• WHAT YOU ARE ASKED TO DO: Below are several records. Retype exactly those lines running from the one with "Zmywarka Miele G 7150 SCVi 1" through the one with "Trở Thành Hung", end lines included, and no others.

• EXERCISE MATERIALS:
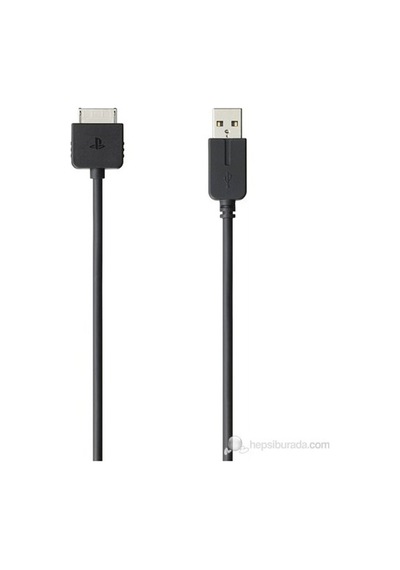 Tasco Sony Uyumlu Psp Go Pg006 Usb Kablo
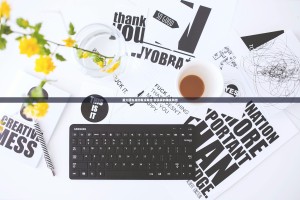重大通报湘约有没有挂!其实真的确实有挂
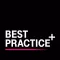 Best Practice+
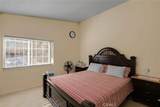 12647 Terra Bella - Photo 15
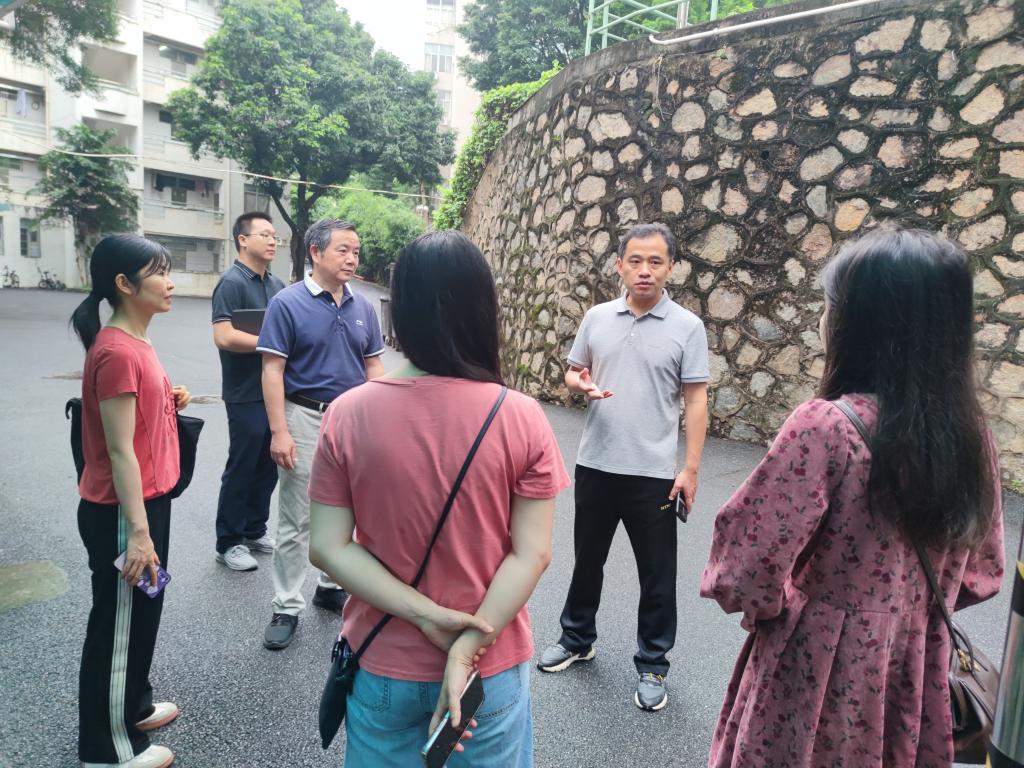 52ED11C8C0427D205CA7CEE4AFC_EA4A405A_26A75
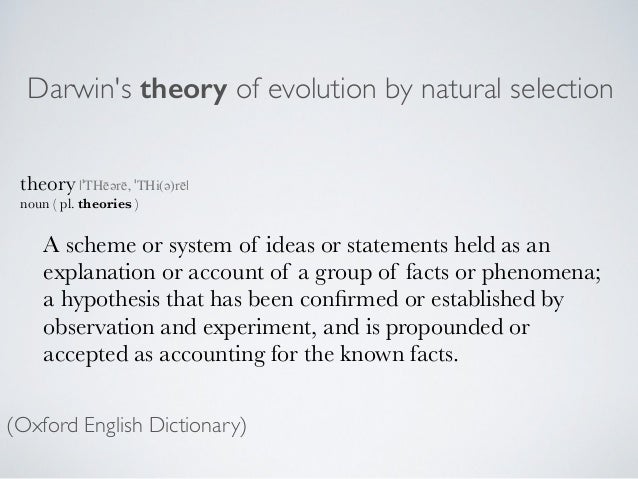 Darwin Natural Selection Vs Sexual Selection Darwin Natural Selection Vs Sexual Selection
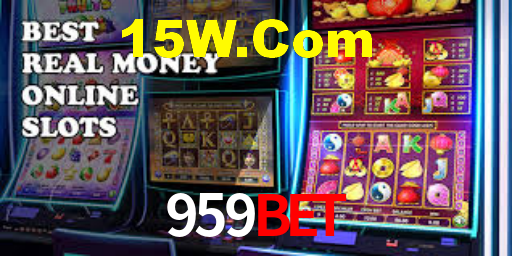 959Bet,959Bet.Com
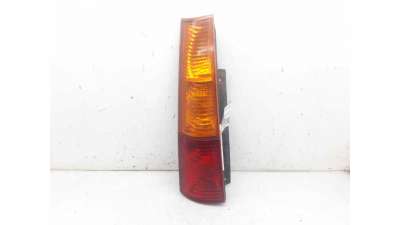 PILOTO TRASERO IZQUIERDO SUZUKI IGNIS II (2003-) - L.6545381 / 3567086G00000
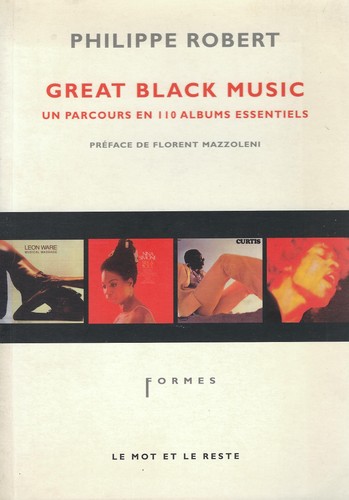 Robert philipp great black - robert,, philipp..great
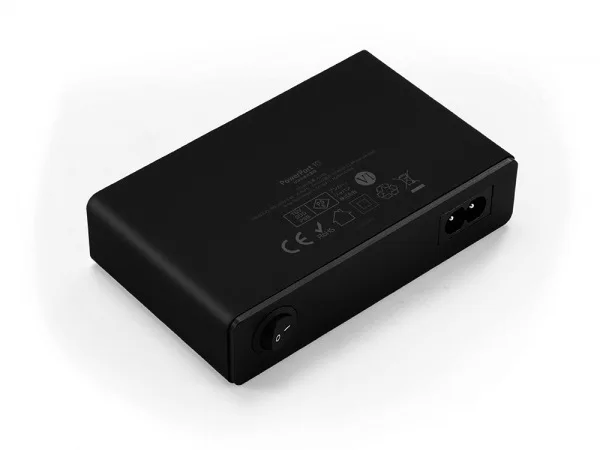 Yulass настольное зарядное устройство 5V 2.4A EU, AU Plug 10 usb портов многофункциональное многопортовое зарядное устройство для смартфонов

* * *

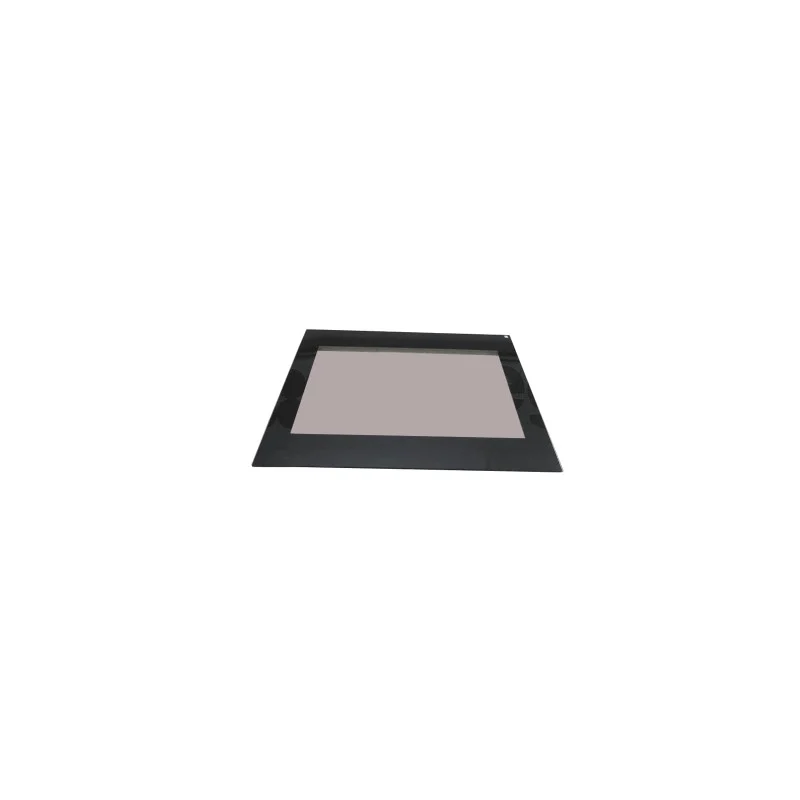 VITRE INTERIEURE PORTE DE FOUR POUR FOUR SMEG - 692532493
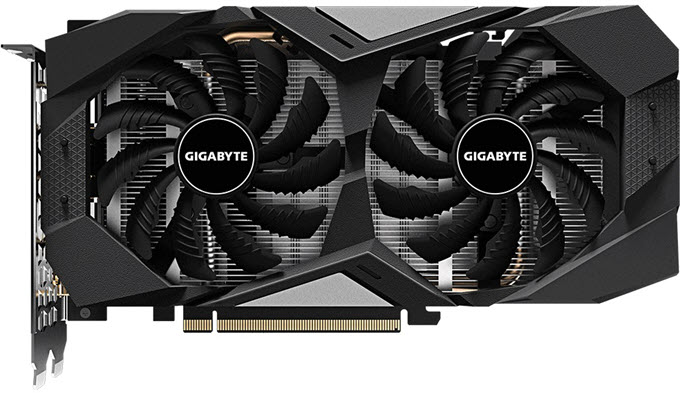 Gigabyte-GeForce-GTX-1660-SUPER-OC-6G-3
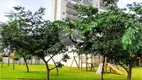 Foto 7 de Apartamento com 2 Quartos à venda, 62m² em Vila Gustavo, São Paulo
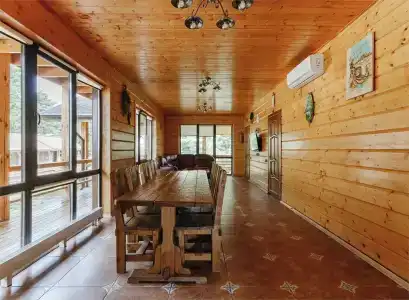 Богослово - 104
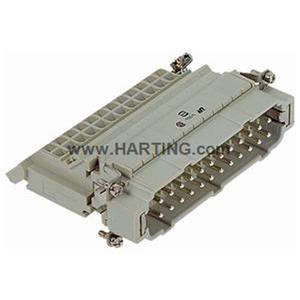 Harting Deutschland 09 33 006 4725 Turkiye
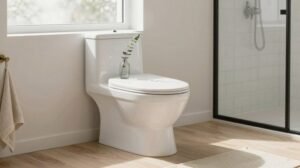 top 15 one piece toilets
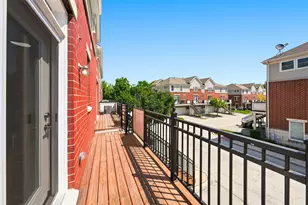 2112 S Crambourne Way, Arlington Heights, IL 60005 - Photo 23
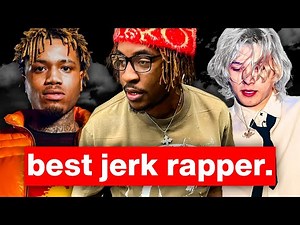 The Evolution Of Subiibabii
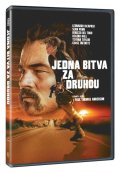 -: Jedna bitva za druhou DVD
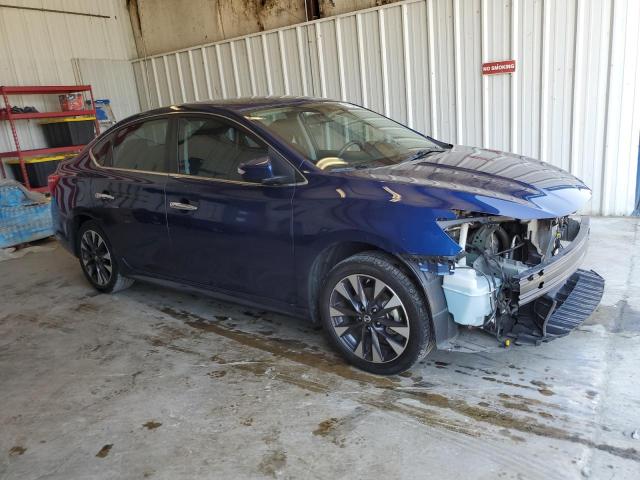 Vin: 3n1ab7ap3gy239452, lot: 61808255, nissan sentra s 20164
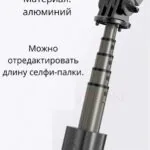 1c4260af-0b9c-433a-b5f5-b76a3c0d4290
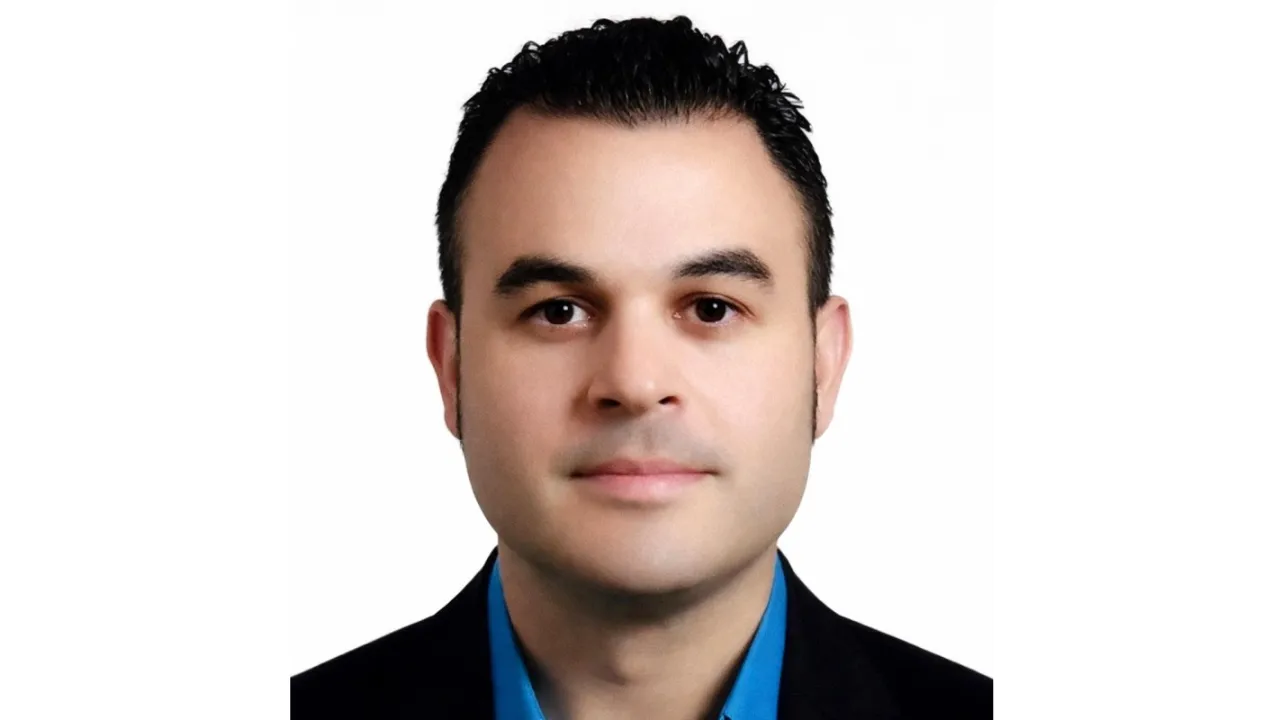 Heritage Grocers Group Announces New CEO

==

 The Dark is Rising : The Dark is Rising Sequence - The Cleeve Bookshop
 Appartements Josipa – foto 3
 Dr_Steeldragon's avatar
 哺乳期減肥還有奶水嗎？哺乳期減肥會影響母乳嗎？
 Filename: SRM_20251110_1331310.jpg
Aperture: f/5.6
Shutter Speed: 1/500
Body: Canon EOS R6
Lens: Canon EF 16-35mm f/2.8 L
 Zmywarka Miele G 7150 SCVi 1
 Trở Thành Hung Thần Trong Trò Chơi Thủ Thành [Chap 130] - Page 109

• REPLY:
 Zmywarka Miele G 7150 SCVi 1
 Trở Thành Hung Thần Trong Trò Chơi Thủ Thành [Chap 130] - Page 109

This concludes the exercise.